_Exercise requirements_
Copy all of the entries that follow, exactly.

_Materials provided_
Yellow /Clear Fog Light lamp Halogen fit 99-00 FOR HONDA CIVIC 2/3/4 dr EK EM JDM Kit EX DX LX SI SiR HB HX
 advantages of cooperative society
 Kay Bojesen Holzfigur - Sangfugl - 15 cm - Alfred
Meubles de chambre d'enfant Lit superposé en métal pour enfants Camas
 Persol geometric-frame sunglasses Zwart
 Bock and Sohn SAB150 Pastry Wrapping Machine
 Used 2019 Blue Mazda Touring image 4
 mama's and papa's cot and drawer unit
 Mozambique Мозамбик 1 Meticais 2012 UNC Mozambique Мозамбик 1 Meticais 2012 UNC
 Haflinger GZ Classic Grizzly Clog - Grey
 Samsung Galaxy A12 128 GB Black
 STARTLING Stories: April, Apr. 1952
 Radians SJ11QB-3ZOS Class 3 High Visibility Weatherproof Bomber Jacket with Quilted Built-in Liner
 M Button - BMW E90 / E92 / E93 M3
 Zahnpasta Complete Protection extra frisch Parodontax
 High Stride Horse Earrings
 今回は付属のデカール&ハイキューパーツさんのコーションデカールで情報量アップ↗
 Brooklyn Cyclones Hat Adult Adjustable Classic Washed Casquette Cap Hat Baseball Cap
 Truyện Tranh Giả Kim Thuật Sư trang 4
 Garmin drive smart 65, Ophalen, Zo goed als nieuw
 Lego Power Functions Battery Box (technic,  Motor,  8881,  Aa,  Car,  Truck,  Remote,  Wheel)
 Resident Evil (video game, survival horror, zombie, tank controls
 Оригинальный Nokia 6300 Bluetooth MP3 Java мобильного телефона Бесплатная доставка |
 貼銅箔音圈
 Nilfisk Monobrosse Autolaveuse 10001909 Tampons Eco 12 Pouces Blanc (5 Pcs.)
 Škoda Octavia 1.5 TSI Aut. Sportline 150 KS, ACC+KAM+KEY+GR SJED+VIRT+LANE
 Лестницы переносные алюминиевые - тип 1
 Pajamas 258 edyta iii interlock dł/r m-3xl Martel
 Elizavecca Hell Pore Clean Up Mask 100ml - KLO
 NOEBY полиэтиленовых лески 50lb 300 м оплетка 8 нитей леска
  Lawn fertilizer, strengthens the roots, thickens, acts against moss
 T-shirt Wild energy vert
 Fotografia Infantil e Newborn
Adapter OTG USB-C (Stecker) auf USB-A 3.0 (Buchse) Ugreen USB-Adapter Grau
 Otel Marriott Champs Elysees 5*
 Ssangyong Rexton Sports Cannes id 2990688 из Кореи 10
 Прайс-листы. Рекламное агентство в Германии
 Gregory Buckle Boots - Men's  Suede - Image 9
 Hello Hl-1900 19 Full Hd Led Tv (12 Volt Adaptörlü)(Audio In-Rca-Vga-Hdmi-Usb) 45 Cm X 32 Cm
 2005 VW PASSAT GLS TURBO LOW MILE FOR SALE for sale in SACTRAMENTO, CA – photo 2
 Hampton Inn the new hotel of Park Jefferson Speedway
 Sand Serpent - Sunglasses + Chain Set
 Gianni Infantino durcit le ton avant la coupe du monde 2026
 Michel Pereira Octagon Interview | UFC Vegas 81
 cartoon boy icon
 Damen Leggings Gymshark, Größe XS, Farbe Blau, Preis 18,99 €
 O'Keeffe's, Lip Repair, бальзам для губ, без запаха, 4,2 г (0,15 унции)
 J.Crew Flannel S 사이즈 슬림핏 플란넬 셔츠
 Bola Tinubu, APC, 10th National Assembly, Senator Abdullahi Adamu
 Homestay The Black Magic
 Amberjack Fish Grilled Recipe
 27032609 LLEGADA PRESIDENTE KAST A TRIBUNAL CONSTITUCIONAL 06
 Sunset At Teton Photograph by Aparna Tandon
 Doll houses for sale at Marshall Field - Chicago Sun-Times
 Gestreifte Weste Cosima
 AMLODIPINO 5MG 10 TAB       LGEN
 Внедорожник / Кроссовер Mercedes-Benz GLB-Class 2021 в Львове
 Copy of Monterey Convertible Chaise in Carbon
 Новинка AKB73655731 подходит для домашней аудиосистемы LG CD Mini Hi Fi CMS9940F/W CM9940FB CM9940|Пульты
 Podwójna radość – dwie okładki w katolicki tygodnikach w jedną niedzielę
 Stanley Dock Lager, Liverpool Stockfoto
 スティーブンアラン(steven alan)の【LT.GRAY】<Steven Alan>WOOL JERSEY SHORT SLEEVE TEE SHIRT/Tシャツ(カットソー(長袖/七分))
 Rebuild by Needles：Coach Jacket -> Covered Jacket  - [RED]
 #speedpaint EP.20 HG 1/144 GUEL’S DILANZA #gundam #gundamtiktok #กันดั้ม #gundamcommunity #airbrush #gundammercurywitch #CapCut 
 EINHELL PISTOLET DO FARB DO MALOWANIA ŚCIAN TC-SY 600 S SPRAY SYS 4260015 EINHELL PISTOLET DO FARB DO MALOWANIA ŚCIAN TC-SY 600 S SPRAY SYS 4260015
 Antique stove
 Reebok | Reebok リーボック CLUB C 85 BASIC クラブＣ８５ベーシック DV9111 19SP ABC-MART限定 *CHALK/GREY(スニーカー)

_Exercise result_
Yellow /Clear Fog Light lamp Halogen fit 99-00 FOR HONDA CIVIC 2/3/4 dr EK EM JDM Kit EX DX LX SI SiR HB HX
 advantages of cooperative society
 Kay Bojesen Holzfigur - Sangfugl - 15 cm - Alfred
Meubles de chambre d'enfant Lit superposé en métal pour enfants Camas
 Persol geometric-frame sunglasses Zwart
 Bock and Sohn SAB150 Pastry Wrapping Machine
 Used 2019 Blue Mazda Touring image 4
 mama's and papa's cot and drawer unit
 Mozambique Мозамбик 1 Meticais 2012 UNC Mozambique Мозамбик 1 Meticais 2012 UNC
 Haflinger GZ Classic Grizzly Clog - Grey
 Samsung Galaxy A12 128 GB Black
 STARTLING Stories: April, Apr. 1952
 Radians SJ11QB-3ZOS Class 3 High Visibility Weatherproof Bomber Jacket with Quilted Built-in Liner
 M Button - BMW E90 / E92 / E93 M3
 Zahnpasta Complete Protection extra frisch Parodontax
 High Stride Horse Earrings
 今回は付属のデカール&ハイキューパーツさんのコーションデカールで情報量アップ↗
 Brooklyn Cyclones Hat Adult Adjustable Classic Washed Casquette Cap Hat Baseball Cap
 Truyện Tranh Giả Kim Thuật Sư trang 4
 Garmin drive smart 65, Ophalen, Zo goed als nieuw
 Lego Power Functions Battery Box (technic,  Motor,  8881,  Aa,  Car,  Truck,  Remote,  Wheel)
 Resident Evil (video game, survival horror, zombie, tank controls
 Оригинальный Nokia 6300 Bluetooth MP3 Java мобильного телефона Бесплатная доставка |
 貼銅箔音圈
 Nilfisk Monobrosse Autolaveuse 10001909 Tampons Eco 12 Pouces Blanc (5 Pcs.)
 Škoda Octavia 1.5 TSI Aut. Sportline 150 KS, ACC+KAM+KEY+GR SJED+VIRT+LANE
 Лестницы переносные алюминиевые - тип 1
 Pajamas 258 edyta iii interlock dł/r m-3xl Martel
 Elizavecca Hell Pore Clean Up Mask 100ml - KLO
 NOEBY полиэтиленовых лески 50lb 300 м оплетка 8 нитей леска
  Lawn fertilizer, strengthens the roots, thickens, acts against moss
 T-shirt Wild energy vert
 Fotografia Infantil e Newborn
Adapter OTG USB-C (Stecker) auf USB-A 3.0 (Buchse) Ugreen USB-Adapter Grau
 Otel Marriott Champs Elysees 5*
 Ssangyong Rexton Sports Cannes id 2990688 из Кореи 10
 Прайс-листы. Рекламное агентство в Германии
 Gregory Buckle Boots - Men's  Suede - Image 9
 Hello Hl-1900 19 Full Hd Led Tv (12 Volt Adaptörlü)(Audio In-Rca-Vga-Hdmi-Usb) 45 Cm X 32 Cm
 2005 VW PASSAT GLS TURBO LOW MILE FOR SALE for sale in SACTRAMENTO, CA – photo 2
 Hampton Inn the new hotel of Park Jefferson Speedway
 Sand Serpent - Sunglasses + Chain Set
 Gianni Infantino durcit le ton avant la coupe du monde 2026
 Michel Pereira Octagon Interview | UFC Vegas 81
 cartoon boy icon
 Damen Leggings Gymshark, Größe XS, Farbe Blau, Preis 18,99 €
 O'Keeffe's, Lip Repair, бальзам для губ, без запаха, 4,2 г (0,15 унции)
 J.Crew Flannel S 사이즈 슬림핏 플란넬 셔츠
 Bola Tinubu, APC, 10th National Assembly, Senator Abdullahi Adamu
 Homestay The Black Magic
 Amberjack Fish Grilled Recipe
 27032609 LLEGADA PRESIDENTE KAST A TRIBUNAL CONSTITUCIONAL 06
 Sunset At Teton Photograph by Aparna Tandon
 Doll houses for sale at Marshall Field - Chicago Sun-Times
 Gestreifte Weste Cosima
 AMLODIPINO 5MG 10 TAB       LGEN
 Внедорожник / Кроссовер Mercedes-Benz GLB-Class 2021 в Львове
 Copy of Monterey Convertible Chaise in Carbon
 Новинка AKB73655731 подходит для домашней аудиосистемы LG CD Mini Hi Fi CMS9940F/W CM9940FB CM9940|Пульты
 Podwójna radość – dwie okładki w katolicki tygodnikach w jedną niedzielę
 Stanley Dock Lager, Liverpool Stockfoto
 スティーブンアラン(steven alan)の【LT.GRAY】<Steven Alan>WOOL JERSEY SHORT SLEEVE TEE SHIRT/Tシャツ(カットソー(長袖/七分))
 Rebuild by Needles：Coach Jacket -> Covered Jacket  - [RED]
 #speedpaint EP.20 HG 1/144 GUEL’S DILANZA #gundam #gundamtiktok #กันดั้ม #gundamcommunity #airbrush #gundammercurywitch #CapCut 
 EINHELL PISTOLET DO FARB DO MALOWANIA ŚCIAN TC-SY 600 S SPRAY SYS 4260015 EINHELL PISTOLET DO FARB DO MALOWANIA ŚCIAN TC-SY 600 S SPRAY SYS 4260015
 Antique stove
 Reebok | Reebok リーボック CLUB C 85 BASIC クラブＣ８５ベーシック DV9111 19SP ABC-MART限定 *CHALK/GREY(スニーカー)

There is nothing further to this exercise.